With the recent discovery of Neutrinos that surpass the speed of light, I may be eating my own words. Time Travel is now theoretically possible, or at least direct observation of past events could be, with intervention and interference being the impossible part.
The "cosmic speed limit" so to speak, is the speed of light. A whopping 300 000 km/s, which is a ridiculously ludicrous speed. No object, nothing that contains mass, is able to achieve this speed. This is why only light can travel that fast, as photons are entirely mass-less particles.

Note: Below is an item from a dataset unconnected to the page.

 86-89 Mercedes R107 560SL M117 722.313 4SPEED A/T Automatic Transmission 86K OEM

An object can go up to 99.99999% the speed of light, but will never completely reach it as long as it contains mass. But as an object reaches this speed, a funny thing happens. Time dilates. If you were on a spacecraft, traveling near the speed of light. Every day on the craft could amount to an entire year on Earth, if not more. Time slows to an impossibly slow speed as you reach the speed of light, and actually stands entirely still AT the speed of light. A photon of light travelling from a star 600 light years away, takes -in our reference frame- 600 years to arrive. However, if you were to 'ride' that same photon, the journey would be (to you) instantaneous. You'd leave in the year 2012, arrive in 2612 but feel like not a second had passed.

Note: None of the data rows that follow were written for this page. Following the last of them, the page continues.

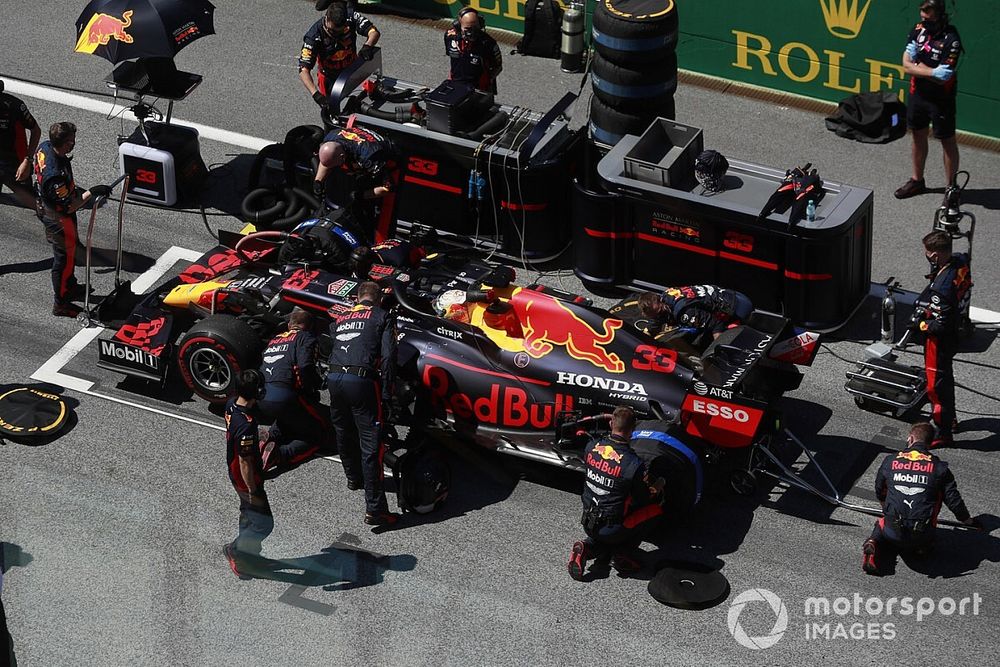 Max Verstappen, Red Bull Racing RB16, sur la grille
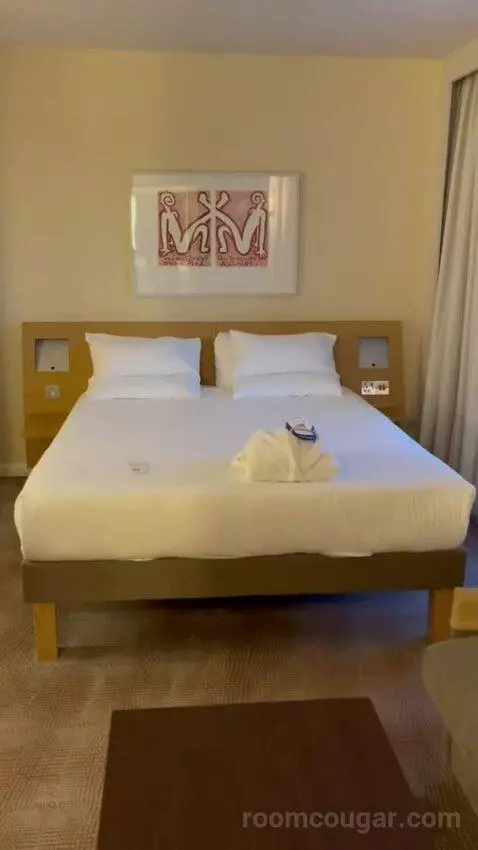 Executive Room (#718) bed picture #9
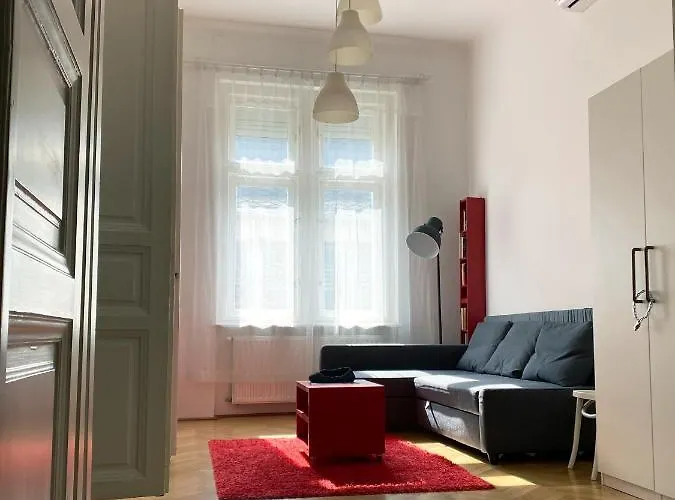 Awesome In The Apartament Budapesta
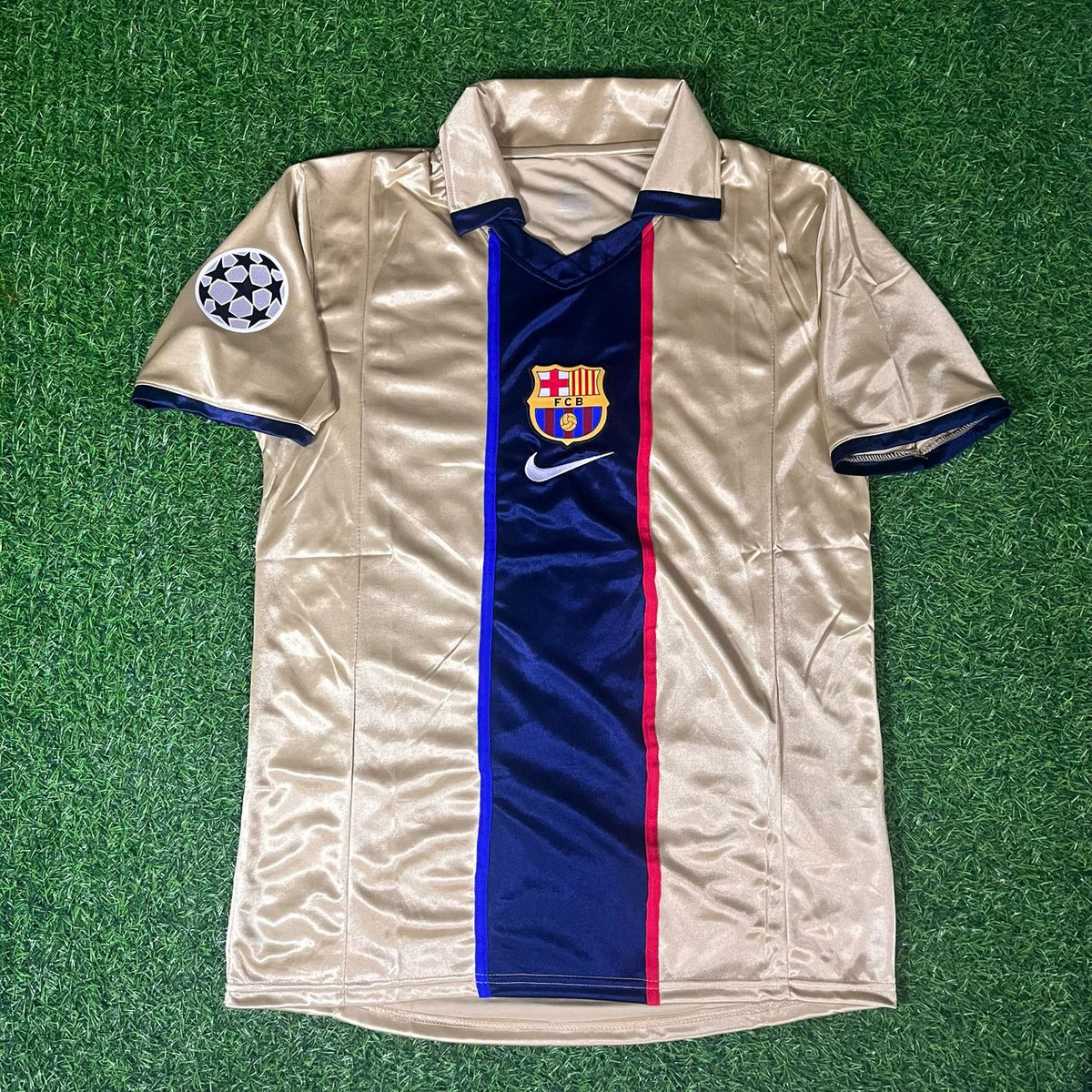 Carles Puyol – FC Barcelona 2001-2002 Retro Jersey – | | | – Front View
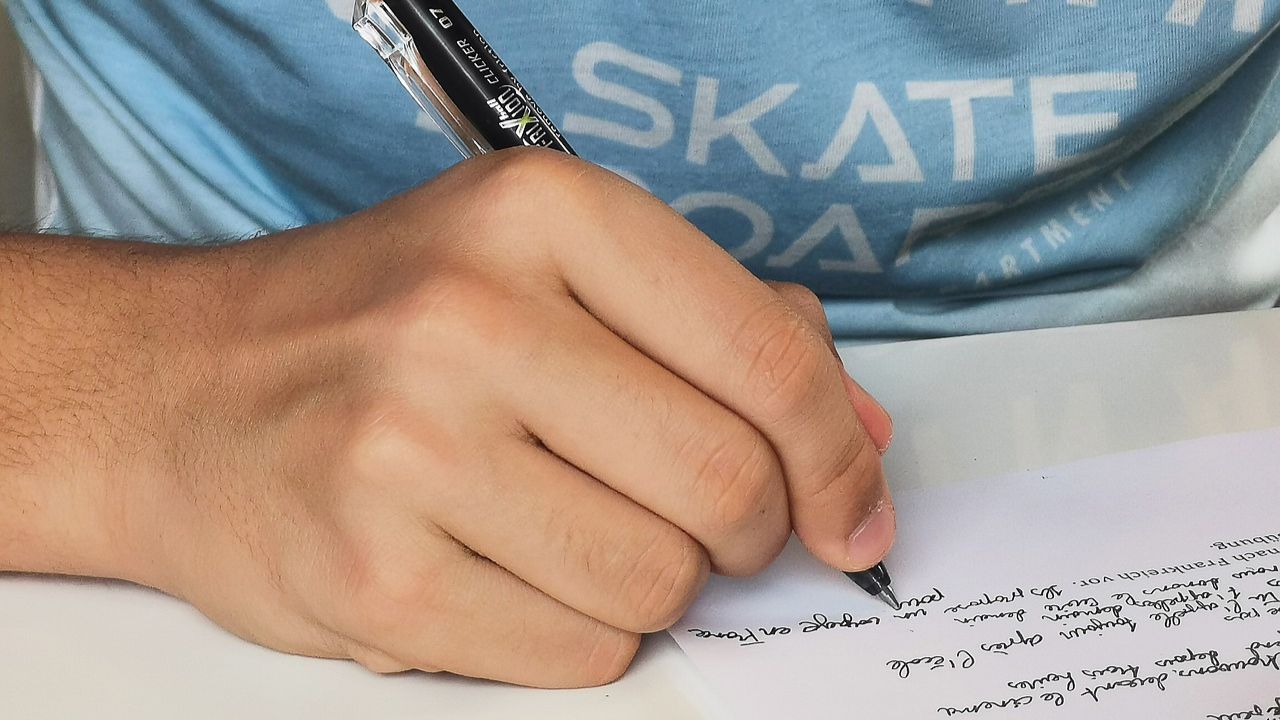 Aluno morre na Índia após espancamento por erro gramatical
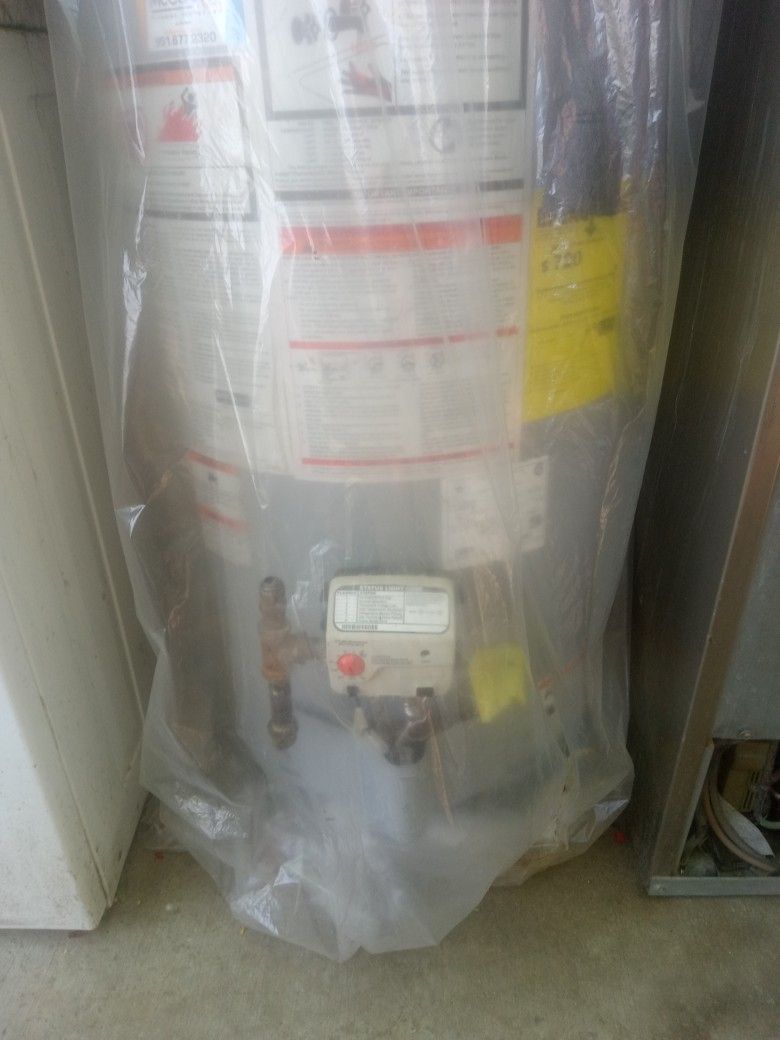 50 Gallons. WATER HEATER in Very Good Working Order 245.00$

Neutrinos on the other hand, objects with a small amount of mass (and therefore should be impossible to break the light barrier), have been shown to be able to travel faster than light itself. This opens up a multitude of possibilities, and in fact break a lot of our knowledge about physics. This could, theoretically, mean that transmitting information back in time is actually possible. Or even more interesting still, receiving information from a future date.
Keep in mind, this is a very rudimentary and simplistic analysis that was used to outline an extremely complex concept, but this should give the basic idea on the, now hypothetically possible, scenario.